# Clothing Companies: What Program Do You Use To Account For Your Biz?



## CxCthreads (Dec 2, 2008)

Hello,

 For the clothing companies out there (not printers), what programs do you use to account for your business? In other words, do you use a simple Excel spreadsheet to log your inventory/ $’s made or a program like Quickbooks (or a separate program entirely)?

I’m curious because as of now I’m using an Excel spreadsheet but wondering if there’s an easier way out there. I’m not a wiz at Excel so this is why I’m asking.

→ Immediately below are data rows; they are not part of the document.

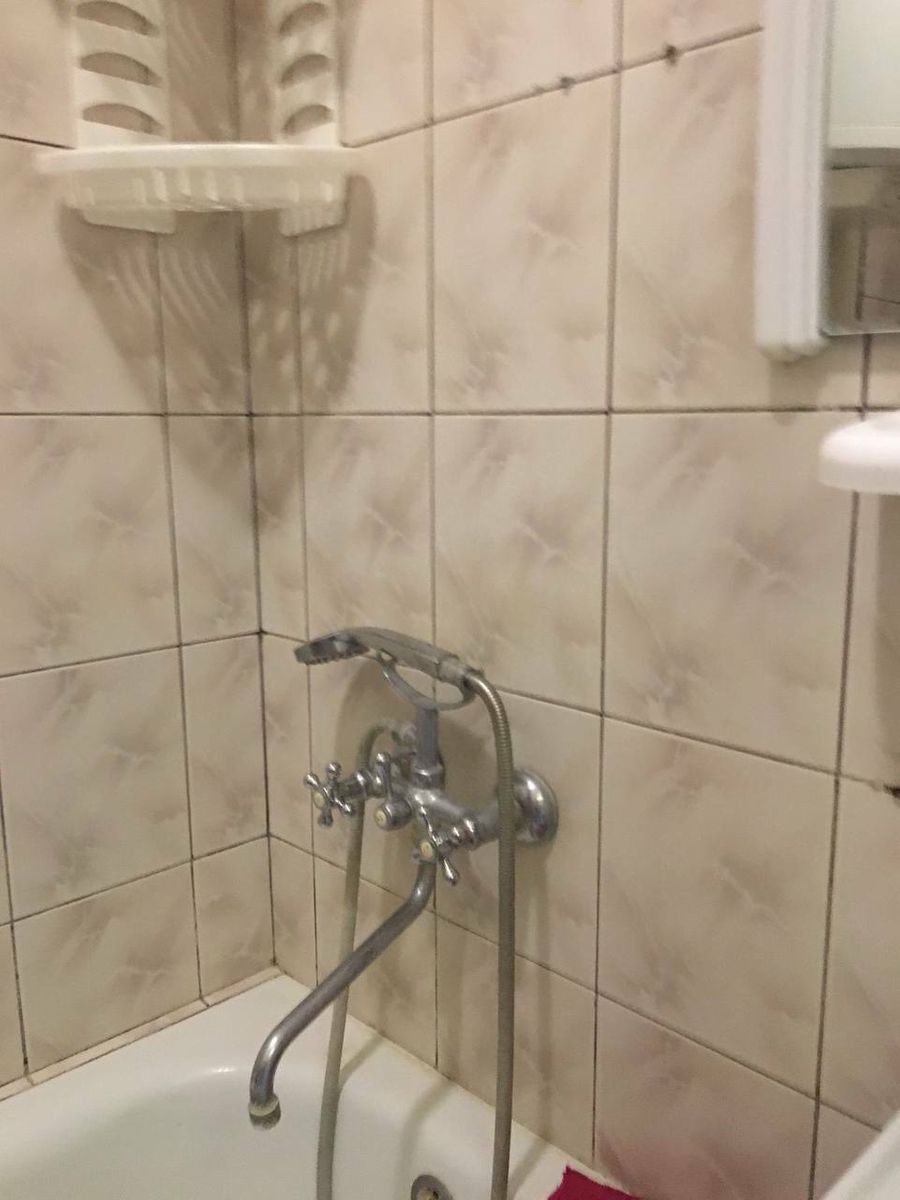 1835184239843200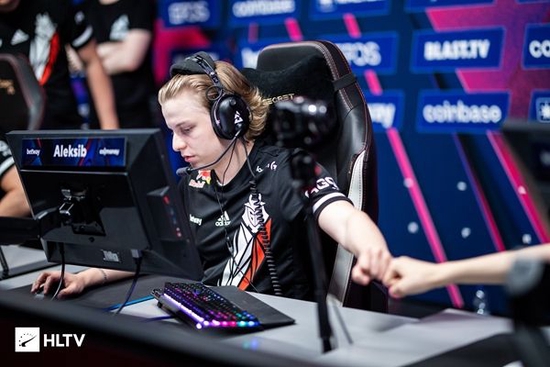 100T战胜BLG引发讨论 LPL一号种子表现遭质疑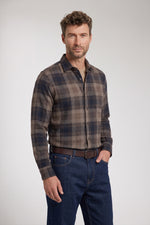Afbeelding in Gallery-weergave laden, Navy/Brown Twill Check
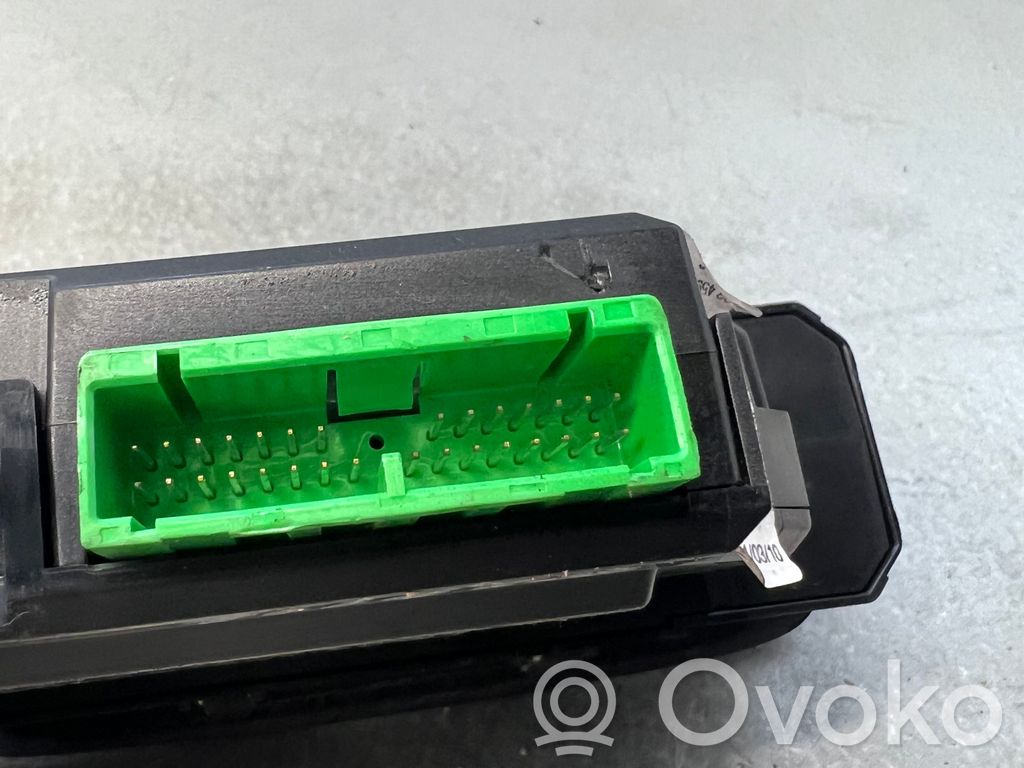Volvo XC90 Quarter vent window switch 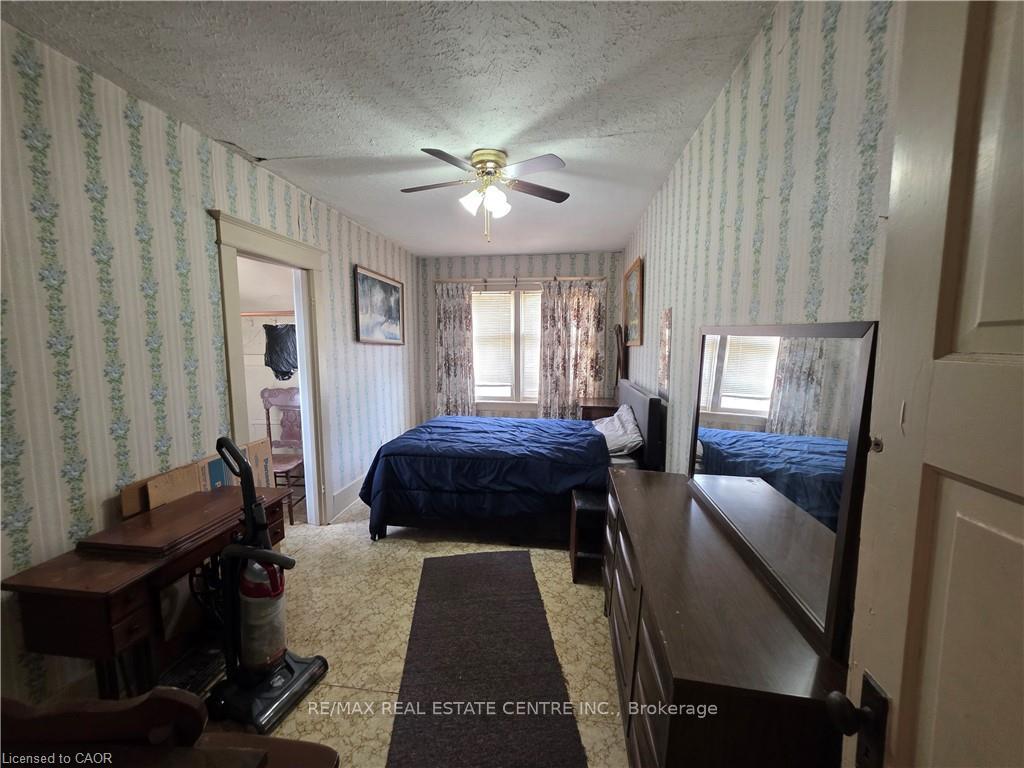 Photo 22 of 20 Fairview Avenue, Kitchener, King East — HOMEH
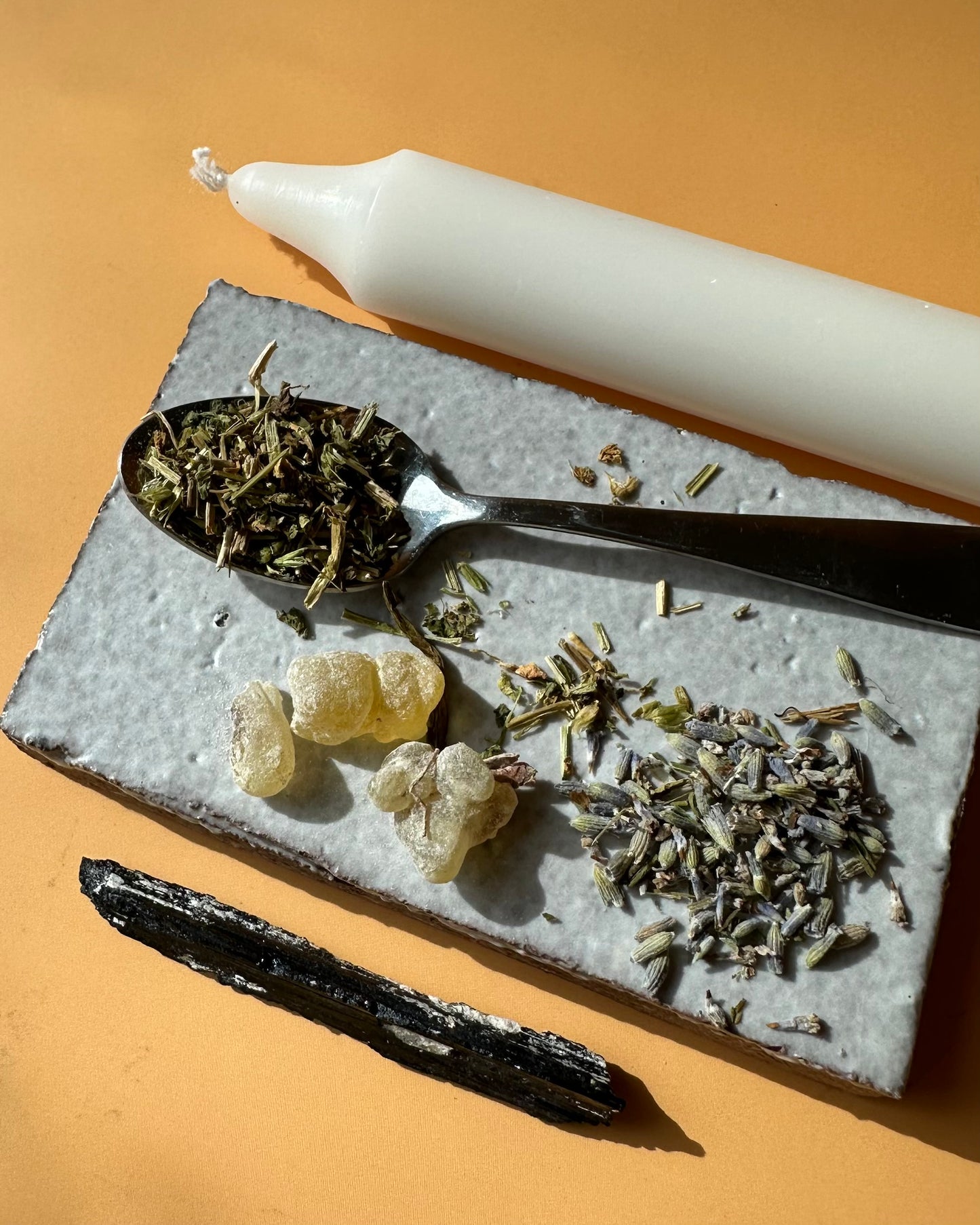PROTECT + STRENGTHEN YOUR ENERGY FIELD SPELL KIT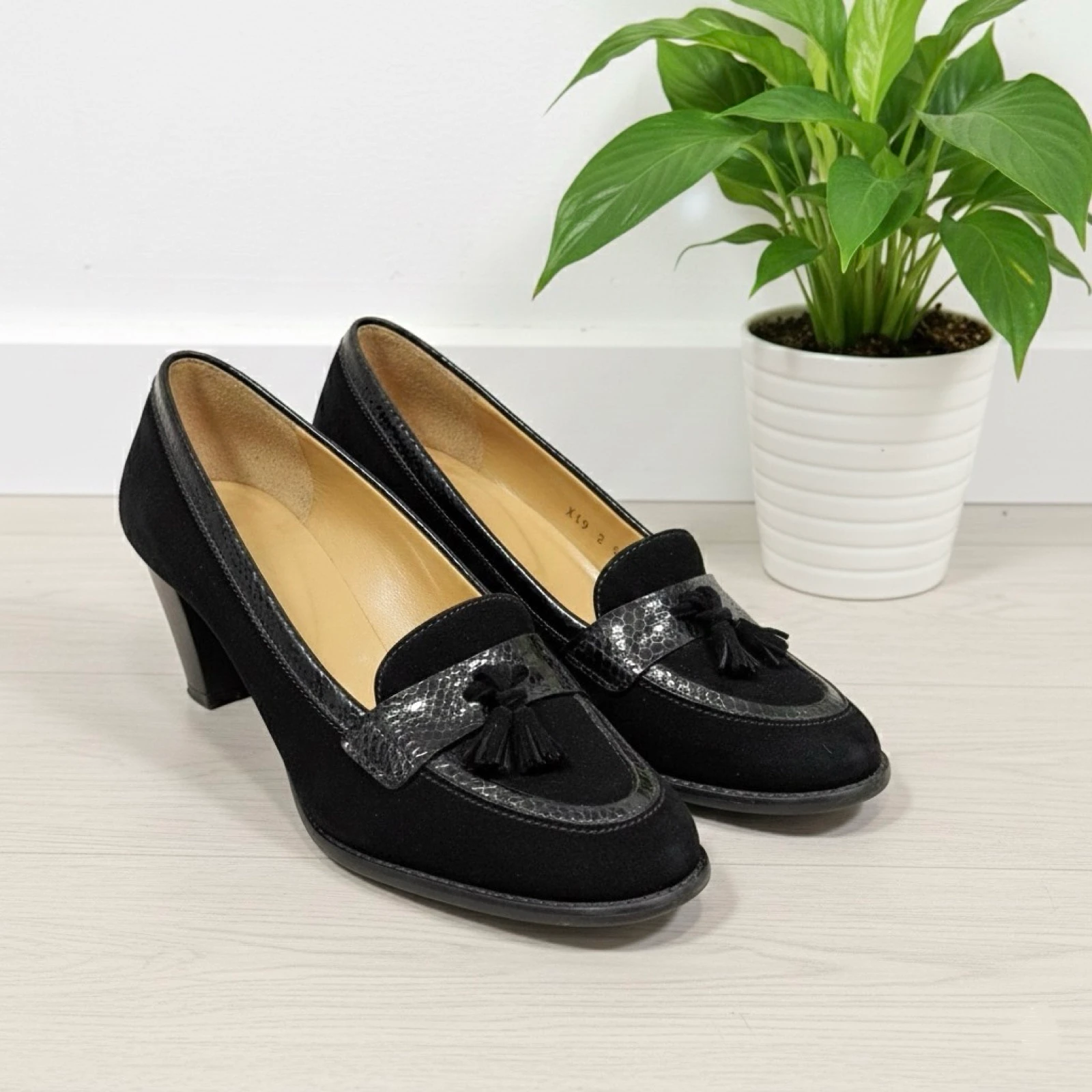 Zapatos de salón en ante y charol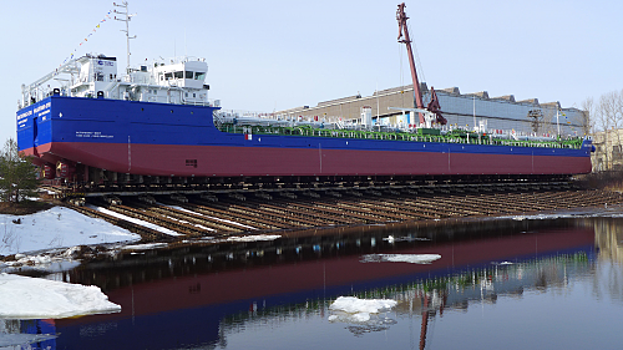 Завод «Красное Сормово» спустил на воду танкер для «Волготранса»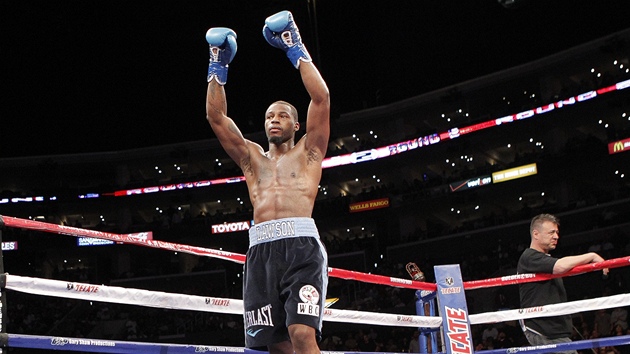 JSEM VÍTZ. Boxer Chad Dawson oslavuje.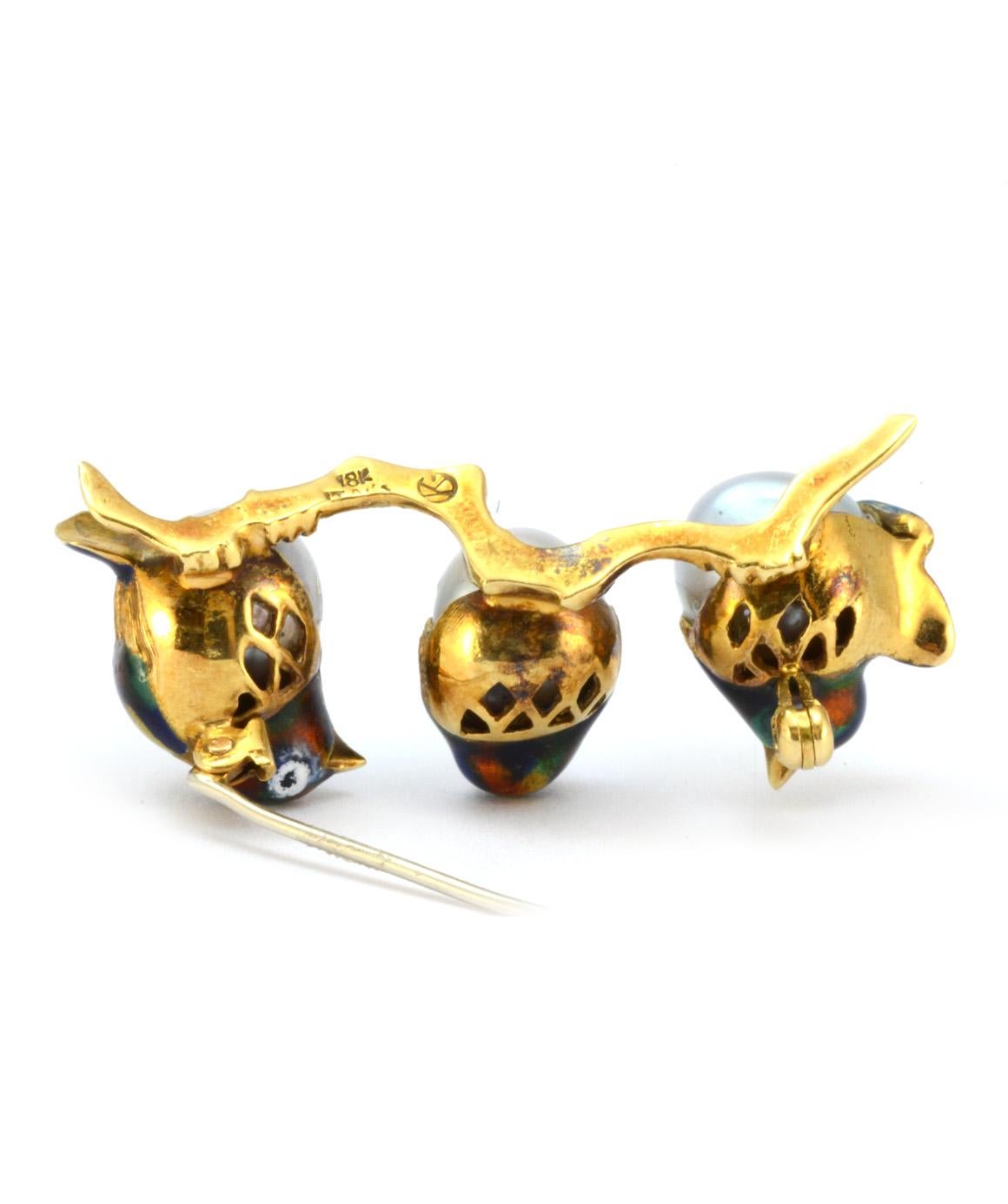 Solid 18 Karat Yellow Gold Three Bird Brooch Genuine Pearl and Enamel 4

Thanks for your contribution!


----------



## Modati (May 17, 2008)

Were both a print shop and clothing company. We searched a few options. Try mint or soho os. Mint is a great finance web software and soho os is a comprehensive business solution web platform. The main problem with soho is it's a closed system so it's hard to integrate 

Good luck


----------



## CxCthreads (Dec 2, 2008)

Modati said:


> Were both a print shop and clothing company. We searched a few options. Try mint or soho os. Mint is a great finance web software and soho os is a comprehensive business solution web platform. The main problem with soho is it's a closed system so it's hard to integrate
> 
> Good luck


Thank you!


----------



## vil3nr0b (May 11, 2010)

Quickbooks. I haven't invested in the Quickbooks for Screen Printers yet, though.


----------



## DayDreamerCr8 (Mar 23, 2009)

I have heard good things about Mint but your shopping cart should have some type of feature to account for your business.


----------



## dmpromo (May 28, 2011)

I use quickbooks for my business and love it. I also use mint.com to keep track of my finances and get a quick snapshot of my Income & expenses on my business.


----------